[Stored items from a collection]

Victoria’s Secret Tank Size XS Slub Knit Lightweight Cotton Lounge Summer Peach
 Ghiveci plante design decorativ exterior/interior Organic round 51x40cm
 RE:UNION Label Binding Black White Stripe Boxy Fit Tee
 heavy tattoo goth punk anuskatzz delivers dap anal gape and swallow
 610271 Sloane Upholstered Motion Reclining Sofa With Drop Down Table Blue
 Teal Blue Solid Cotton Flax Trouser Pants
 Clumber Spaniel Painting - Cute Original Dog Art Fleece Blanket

» TASK ITEM
The answer should hold only the lines from the start of the records above through the line containing "heavy tattoo goth", each set down exactly.

» RESPONSE TO THIS TASK
Victoria’s Secret Tank Size XS Slub Knit Lightweight Cotton Lounge Summer Peach
 Ghiveci plante design decorativ exterior/interior Organic round 51x40cm
 RE:UNION Label Binding Black White Stripe Boxy Fit Tee
 heavy tattoo goth punk anuskatzz delivers dap anal gape and swallow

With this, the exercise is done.